Note from the Blogger

These mini-reviews are intended to be short recommendations, not full blown literary reviews. Please feel free to add your own comments. -- Tim Drake

Friday, August 15, 2025

Miss Lonelyhearts (1933) By Nathanael West

 

Last year when I blogged The Day of the Locusts by Nathanael West, my recommendation was a no. I did, however, qualify that critique by indicating I would still read his better-known novel, Miss Lonelyhearts, before writing him off. Earlier this week I did so, fortunately it was a short novel therefore not too much of my time was wasted.

I fail to understand those who “appreciate” West’s work. Both novels were coarse and poorly written, his overview of life is a sad commentary as a style. West is to American literature, what “shock jock” talk shows are to radio … if you have nothing to say, say it loudly and profanely.

Miss Lonelyhearts concerns a newspaper reporter, male, who writes the paper’s advice column. There is, or should I say could have been, a lot that one could work with on that subject, West broached it then failed miserably. Miss Lonelyhearts, the columnist gets achingly depressed by his job, ridiculing his readers, questioning his self-worth. All the while he is ridiculed by his co-workers and an editor who even hold an intervention to try to reignite his cynicism.

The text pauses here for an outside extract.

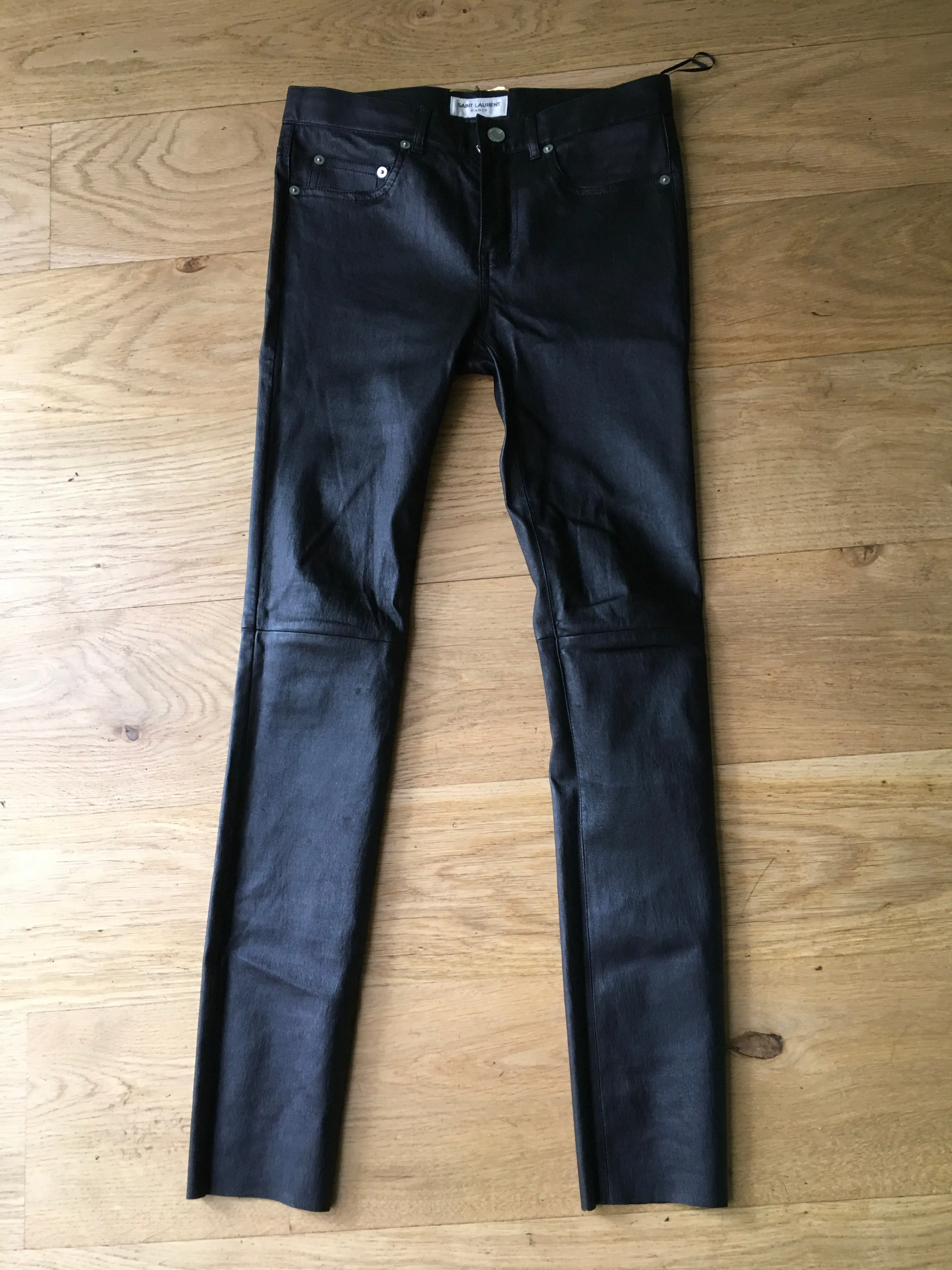 Saint Laurent SOLD OUT Black Leather skinny pants trousers F 38 UK 10 US 6 Ladies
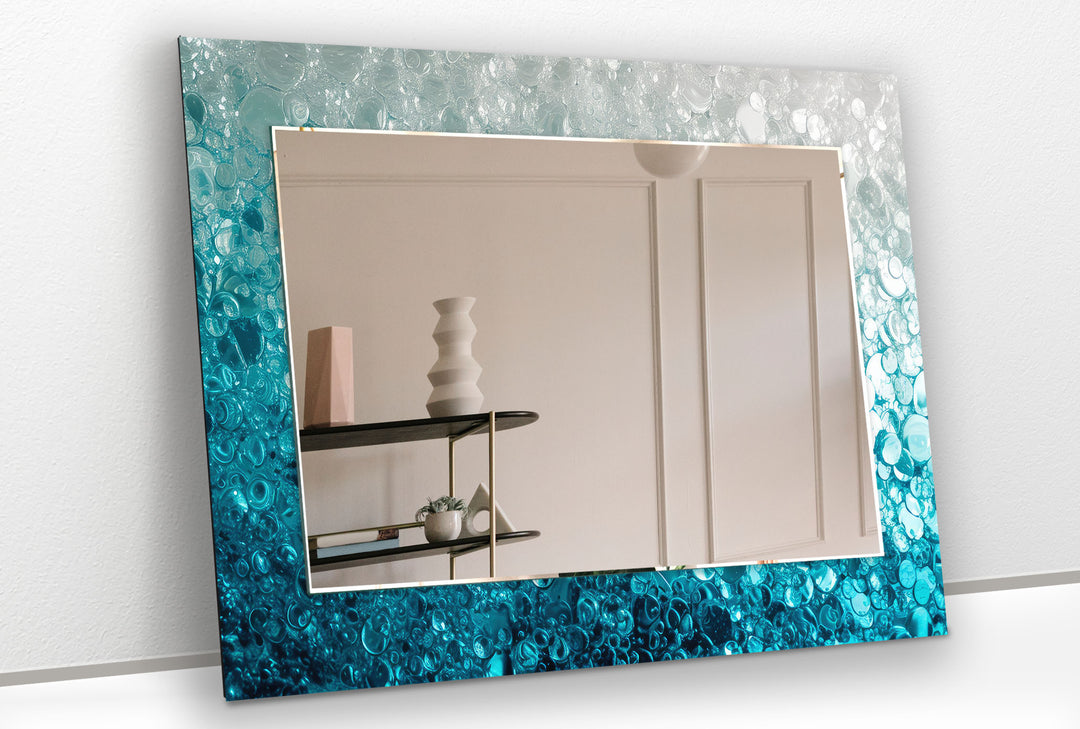 Blue Abstract Bubbles Wall Mirror oversized mirror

West’s formula was to build on the stereotype of reporters as hard drinking, chain smoking jerks; and introducing gross chauvinism and racism, at one point even setting his characters at their hangout tavern relegating them to telling jokes about gang raping a female reporter.

The Day of the Locusts

That this race for the bottom mirrors the same format West used in The Day of the Locusts, leads me to say conclusively, I’ll never read another work by Nathanael West.

Recommendation: Absolutely not.


Monday, August 11, 2025

The Wapshot Chronicle (1957) By John Cheever

 

Every once in a while I’ll read works by an author who I know next to nothing about. Such was the case when I picked up the collected novels of John Cheever printed by the Library of America. He won the Pulitzer Prize for Fiction in 1979 for a collection of short stories published primarily in The New Yorker magazine.

The Wapshot Chronicle was his first full length novel. Written in 1957, it is set in New England in the post-war era (WWII) and is a family history of sorts. The Wapshot family had generations of prominence in the village of St. Botolphs, an old river town now nearly forgotten to all but summer visitors from Boston.

The family consists of Leander Wapshot, known as the “captain,” his wife Sara, their two boys Moses and Coverly, and Leander’s cousin Honora who is the matriarch of the family and controls the purse strings. Cheever quite skillfully tells each of their individual stories as they progress through their lives, eventually spawning the next generation of Wapshots. Leander, Sara, and Honora are mostly presented in recollections, and the boys are in present tense. The most interesting (to me) is Leander who tells the whole story through a journal he posts in every day, and in his letters to the boys.

The boys, while compatible, are quite different. Moses is slightly older and is clearly the “heir apparent” to the family’s history. He’s sports oriented, destined for college, though at first life beyond the village holds no interest to him. Post graduation he’ll head to Washington DC to a job arranged by Honora. Coverly is more of an introvert, interested in literature, and whose interests are focused anywhere but St. Botolphs. When Moses leaves for DC, Coverly secretly departs on the same train, but with the destination of New York. Both of them will have interesting and improbable lives as they go through young adulthood and marry. This part of the novel reads like a page-turner.

They will return to their childhood home in St. Botolphs for their father’s funeral at which it rains. “Then, before the rain began, the old place appeared to be, not a lost way of life or one to be imitated, but a vision of life as hearty and fleeting as laughter and something like the terms by which he lived.” 

In 1964 Cheever wrote a sequel to the Chronicle and titled it the Wapshot Scandal. I thoroughly like the Chronicle, and I am eager to read Scandal.